While coverage in the U.S. focused on Colin Powell's decision to meet with Yassar Arafat--pity Sharon let Powell leave the compound afterward--the Israeli offensive continues. Somehow, US media treatment of the conflict only has time for a quick visual of a news anchor, flak jacket donned, in some picturesque setting, handing off the coverage to some correspondent reading Bush Administration tea leaves (or scat) as to what the US will do next: Mild Rebuke? Expression of Concern? Stern Condemnation? Guarded Optimism? The West Bank burns, and George Bush is still learning how to use his thesaurus and yawn at the same time.

Interestingly, the range of viewpoints regarding what Israel is doing, and how the aggrieved parties might proceed, is far wider in the Israeli press than it is stateside. It's also far less dependent on official pronouncements. Hence, the April 10 edition of the Israeli daily Ha'aretz had a long article--notably absent any "balancing" judgments of treasonousness from Likud spokespeople, a trope no U.S. report would be complete without--on the remarkable, courageous refusal of Israeli Army reservists to report for duty on the West Bank or Gaza Strip.

The reservist COs have gotten a bit of coverage in the US, but it's generally come without at least two pieces of context essential for understanding how important--and, for the Sharon government, alarming--their movement is.

When American readers think of conscientious objectors, we think generally of Vietnam. But while COs were unpopular in many parts of the US in the '60s, the risks they took are nothing next to what Israeli reservists face. There, military service is woven into the very fabric of Israeli life. All men serve; therefore, most adult men not in the army are veterans, and many identify with the military fiercely. Secondly, the military itself is seen as a very immediate guarantor of Israel's survival, and so words like "traitor" are not mindless epithets; they're taken seriously, and to refuse a call-up order is also, oftentimes, to defy your boss, your co-workers, your relatives--it is not an easy thing.
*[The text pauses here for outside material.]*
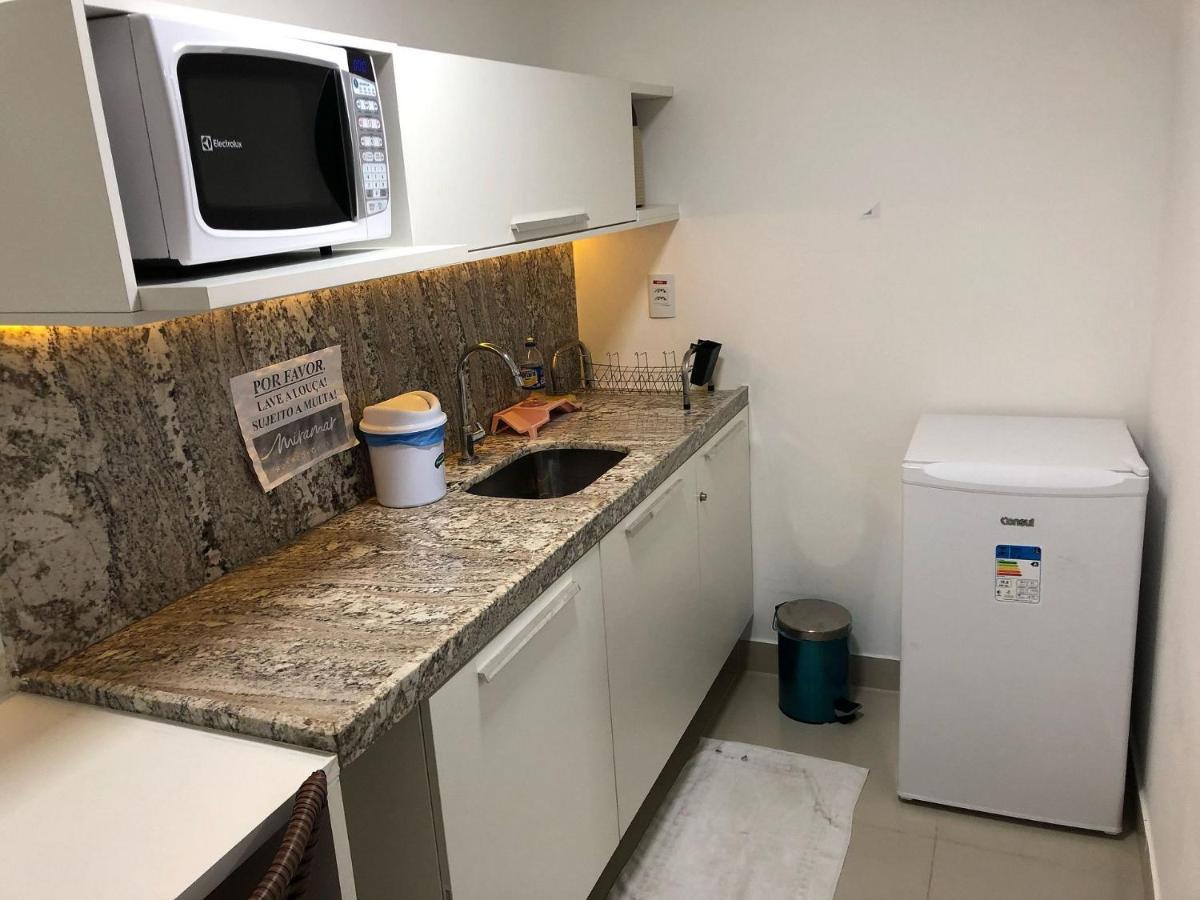Lindo Apartamento No Gold Flat João Pessoa Eksteriør bilde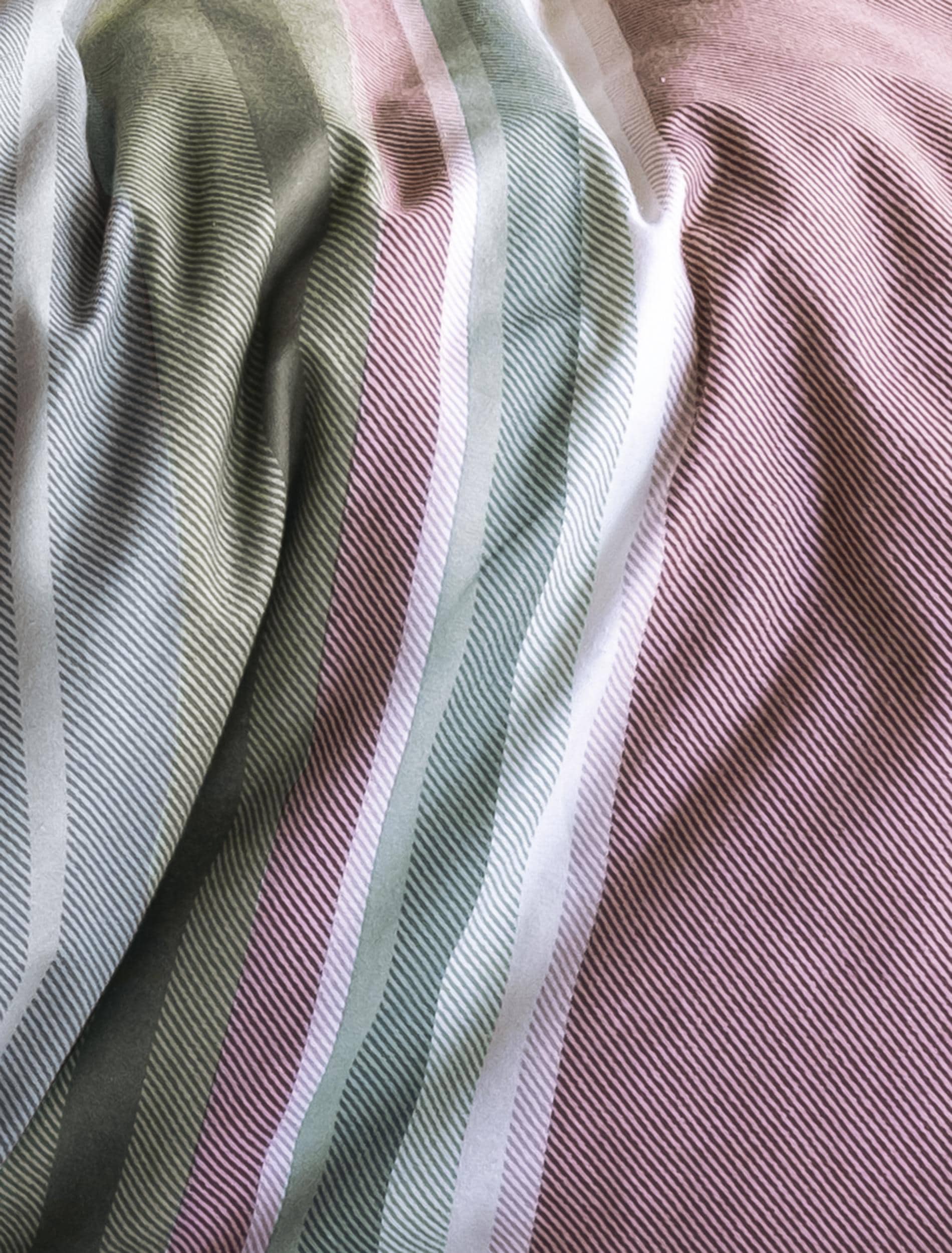Irisette Linge de lit »Meran 8476« 3 cuis linge de lit d'hiver doux et moelleux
Nor, if you stick by your decision, is the resulting jail time--sure, Israel tends only to torture Palestinians, but their "sympathizers" are only one rung above.

Into that maelstrom, so far, have walked an unprecedented 375 IDF reserve officers and soldiers so far [it's now over 400, as of April 20--ed.], all of whom, according to Ha'Aretz, have now signed a letter of refusal to serve in the occupied territories at a time when their ultimate commander, Ariel Sharon, has called the offensive being carried out there a war for the existence of Israel. On April 5, less than a week into the new offensive, a group of them, carrying Israeli flags to underscore their ties to Zionism, took their refusal directly to Sharon: choosing for their first public demonstration to gather outside the prime minister's residence in Jerusalem. Their courage, and conscience, stands in pointed contrast to the armchair Zionists amassed at the US Capitol a week later.

The Israeli peace group Yesh Gvul ("There Is A Limit"), which has long counseled and organized Israeli COs, says that over the following weekend it received "dozens of calls" from more reservists seeking advice and help. And the sentiment may run much, much deeper. The Ha'Aretz article quotes a "refusenik" currently serving 28 days, Zlad Lahav: "I am a Zionist and a patriot and went to serve in an infantry unit out of free choice. When I informed [the army] of my refusal to do reserve duty in Hebron, around half of my friends in my platoon told me that they supported my actions. The others said they didn't agree with me, but understood me."

These are not pacifists, and they are Zionists; they believe in Israel, and are willing to fight to defend it, but not to steal Palestinian land, massacre civilians, or endanger their comrades (and, ultimately, Israeli civilians) unnecessarily. The stand at least 375 Israelis have now taken on behalf of their beliefs is more courageous than most of us can know. If Israeli soldiers--trained and encouraged to dehumanize all Palestinians, to consider even women and children as the enemy--are in large numbers sympathetic to or even empathetic with the decisions of men like Lahav not to fight, then Ariel Sharon may also be facing a limit. And it is one that has nothing to do with international condemnation or the visit of Colin Powell.